▶ **Recorded data**
· · · · · · ·
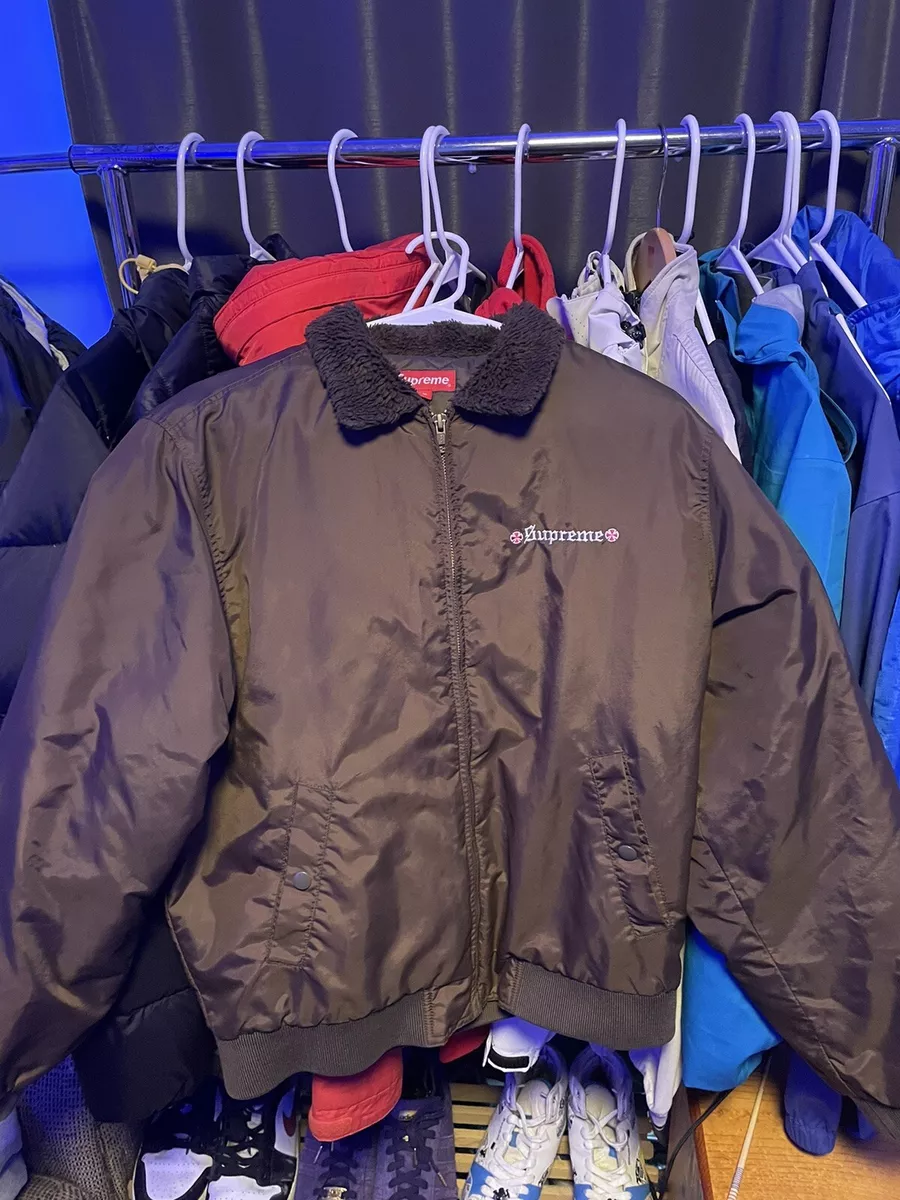 supreme x independent bomber jacket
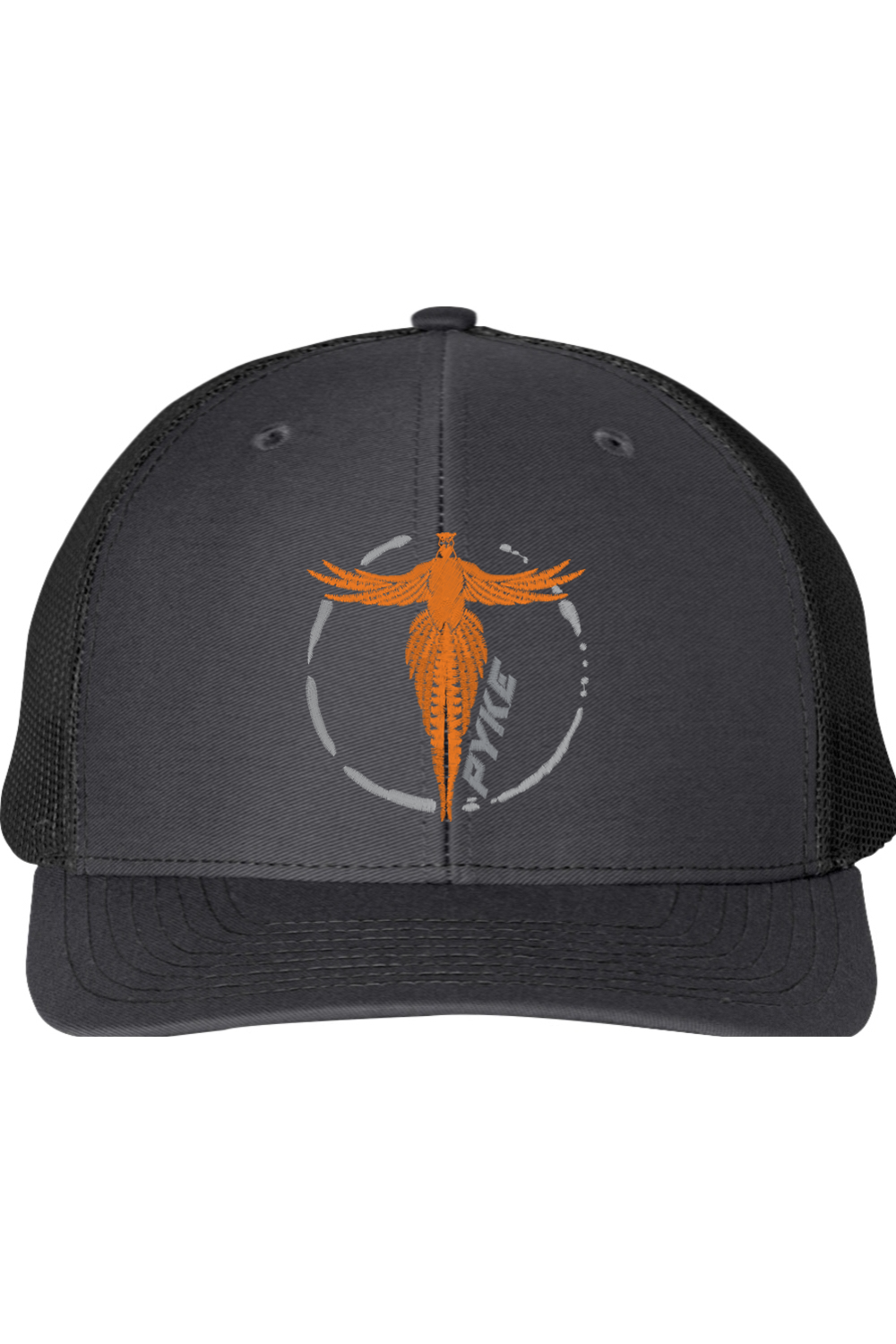 Rooster Embroidered Trucker Hat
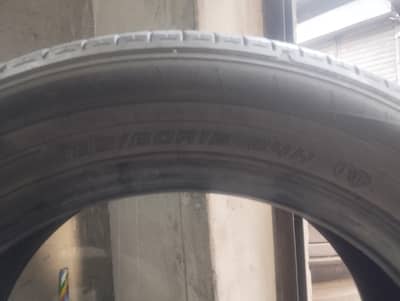 tyres 185 60 r15 Dunlop ka 3 tyres second hand Kam use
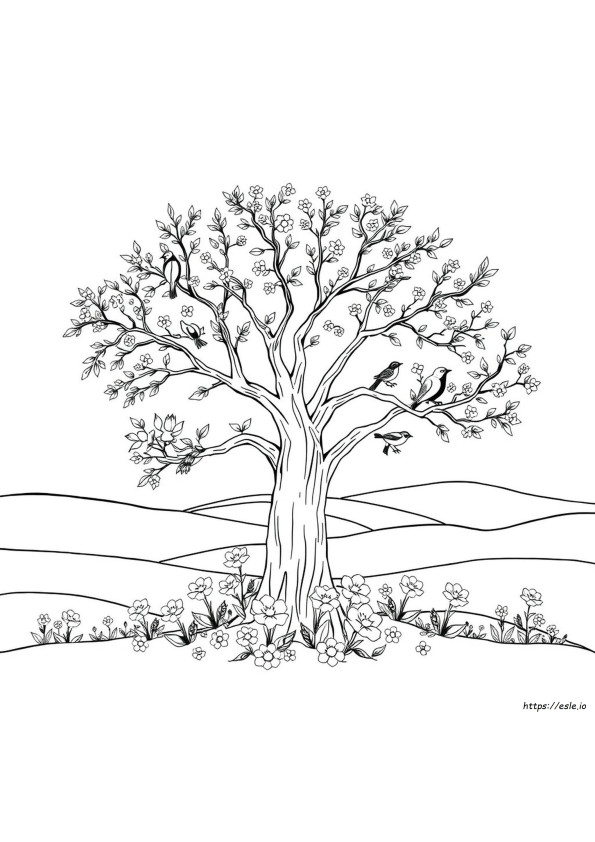 Printable Mural Coloring Pages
· · · · · · ·
The answer must be the data above, repeated exactly, with no pictures.

 supreme x independent bomber jacket
 Rooster Embroidered Trucker Hat
 tyres 185 60 r15 Dunlop ka 3 tyres second hand Kam use
 Printable Mural Coloring Pages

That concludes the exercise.